Fue a su casa y le mostró a Ynaca y a Awalobit la invitación de Mc Cornack, redactada en forma muy melosa. En cuanto Ynaca la leyó mostró en sus labios un pliegue de indiferencia. Awalobit le preguntó a Ynaca de qué se trataba y al decírselo Ynaca se mostró silencioso. Awalobit se mostraba siempre cariñoso con Vivo, recordaba en él más que una visión del pasado, una proyección del porvenir, como una tierra misteriosa que se abriese en su presencia. Situaba aquellos años de su vida en un tiempo ideal, siempre renaciente, paradisiaco casi. Casi fuera su estilo de ver la vida, vivía como en un encantamiento, en el que pensaba borrar el tiempo y crear un nuevo tiempo donde tuviese la sensación de que abría los ojos por primera vez. Ynaca no dio ninguna respuesta terminante y Awalobit trajo para Vivo ron y la caja de tabacos. Él seguía tratando a Vivo como lo había conocido, como si los dos jugasen la misma aventura. No veía a Vivo en dos tiempos y dos espacios, sino le parecía que los dos iban por un camino desconocido y que cuando coincidían se sorprendían, como si se hubiesen conocido por primera vez y con la misma sorpresa.

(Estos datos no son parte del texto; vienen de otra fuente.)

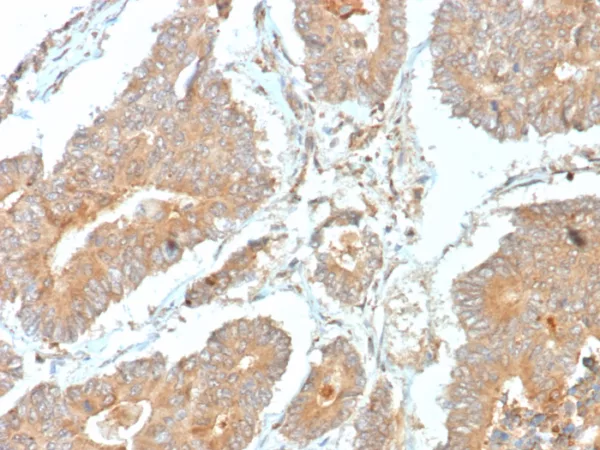 Formalin-fixed, paraffin-embedded human prostate stained with NECAB1 Mouse Monoclonal Antibody (NECAB1/7676). HIER: Tris/EDTA, pH9.0, 45min. 2°C: HRP-polymer, 30min. DAB, 5min.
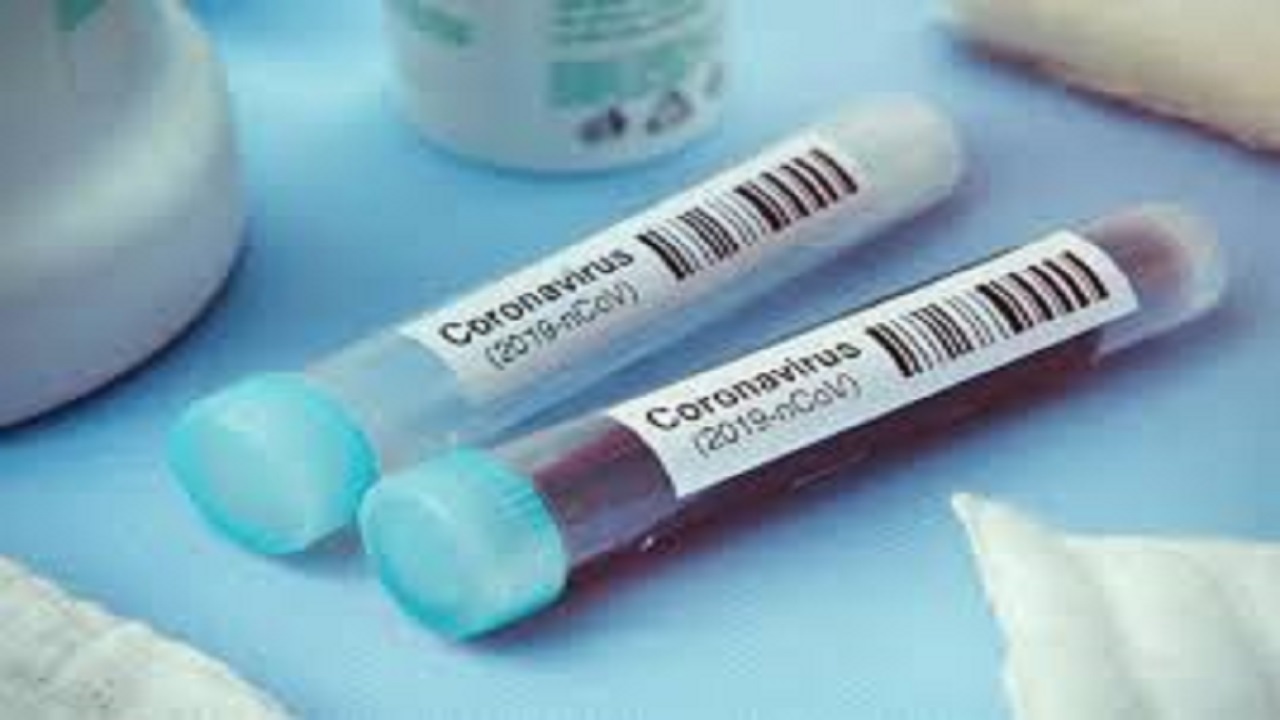 مقدمات تولید پادتن کرونا در کشور فراهم شد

¿Gustaba Ynaca de Mc Cornack? Ynaca no era indiferente, pero pocas personas de las que trataba lograba encontrar en ellas una continuidad amistosa. El misterio de la vida de Oppiano, la constancia de su compañía y de su recuerdo, creaban en ella un aire diferente, una atmósfera que surgía de pronto y que parecía envolverla como una nieve lejana que llegaba hasta ella en avisos raros y presagiosos.